RECORDS FOR THIS EXERCISE START

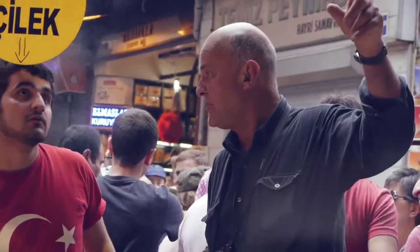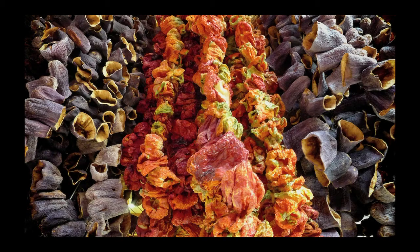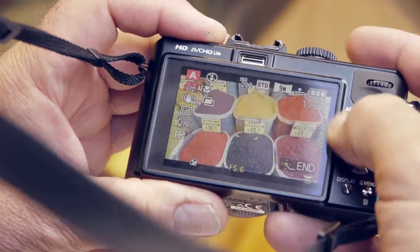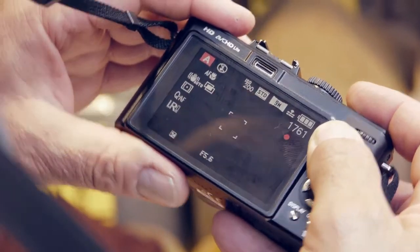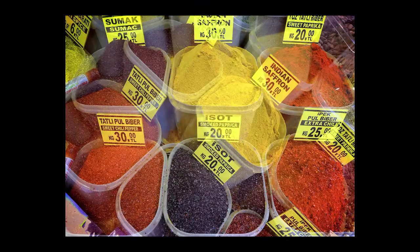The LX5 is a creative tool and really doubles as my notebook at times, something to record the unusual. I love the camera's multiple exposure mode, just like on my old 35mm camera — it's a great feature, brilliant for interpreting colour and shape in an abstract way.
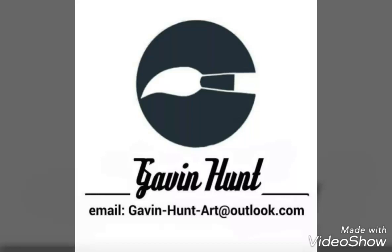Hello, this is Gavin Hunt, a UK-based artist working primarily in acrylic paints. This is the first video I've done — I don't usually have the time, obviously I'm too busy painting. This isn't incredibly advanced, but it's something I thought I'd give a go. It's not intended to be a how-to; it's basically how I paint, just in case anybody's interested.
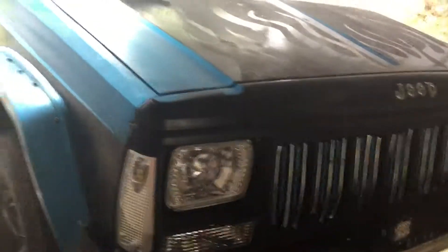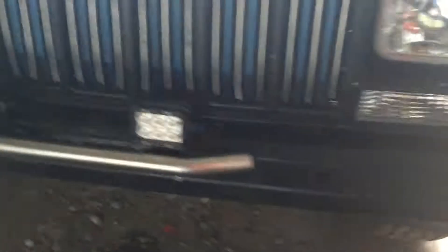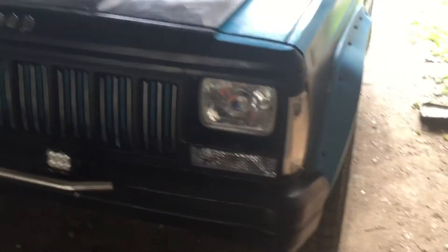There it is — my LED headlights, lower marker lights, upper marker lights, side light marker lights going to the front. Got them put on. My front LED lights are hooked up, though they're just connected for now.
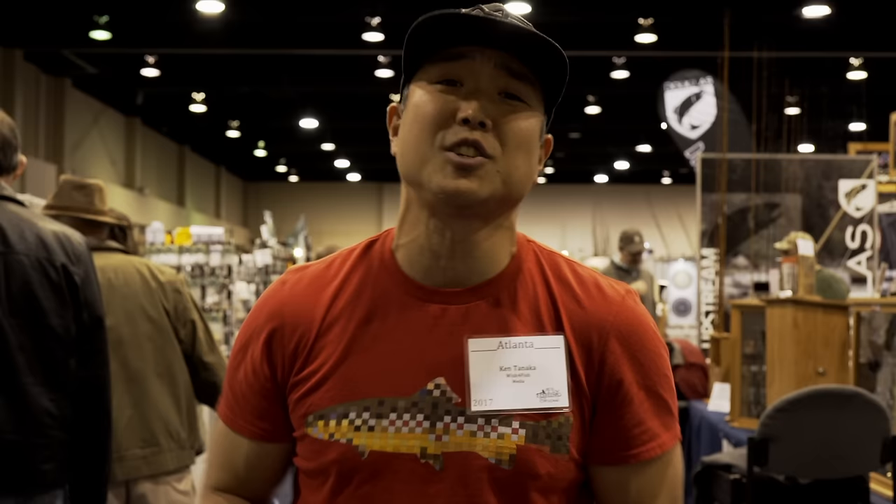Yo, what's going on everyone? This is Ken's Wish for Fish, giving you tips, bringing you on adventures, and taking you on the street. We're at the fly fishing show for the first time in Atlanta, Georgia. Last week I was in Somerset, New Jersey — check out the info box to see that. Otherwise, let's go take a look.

RECORDS FOR THIS EXERCISE END
RECORDS FOR THIS EXERCISE START

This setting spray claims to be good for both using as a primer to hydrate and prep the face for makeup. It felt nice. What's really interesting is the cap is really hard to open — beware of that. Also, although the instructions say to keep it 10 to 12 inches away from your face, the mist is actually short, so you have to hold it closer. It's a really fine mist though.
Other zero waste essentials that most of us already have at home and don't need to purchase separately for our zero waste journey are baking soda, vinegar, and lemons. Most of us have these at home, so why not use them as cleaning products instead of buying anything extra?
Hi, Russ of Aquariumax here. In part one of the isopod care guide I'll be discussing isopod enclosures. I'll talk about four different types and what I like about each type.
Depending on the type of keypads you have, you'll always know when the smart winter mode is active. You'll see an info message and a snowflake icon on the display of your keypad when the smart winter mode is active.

RECORDS FOR THIS EXERCISE END

▶ PROBLEM TO SOLVE
After locating the line with "Other zero waste" above, return that line and every later line through the one with "Depending on the", word for word and with nothing else.

▶ RESPONSE
Other zero waste essentials that most of us already have at home and don't need to purchase separately for our zero waste journey are baking soda, vinegar, and lemons. Most of us have these at home, so why not use them as cleaning products instead of buying anything extra?
Hi, Russ of Aquariumax here. In part one of the isopod care guide I'll be discussing isopod enclosures. I'll talk about four different types and what I like about each type.
Depending on the type of keypads you have, you'll always know when the smart winter mode is active. You'll see an info message and a snowflake icon on the display of your keypad when the smart winter mode is active.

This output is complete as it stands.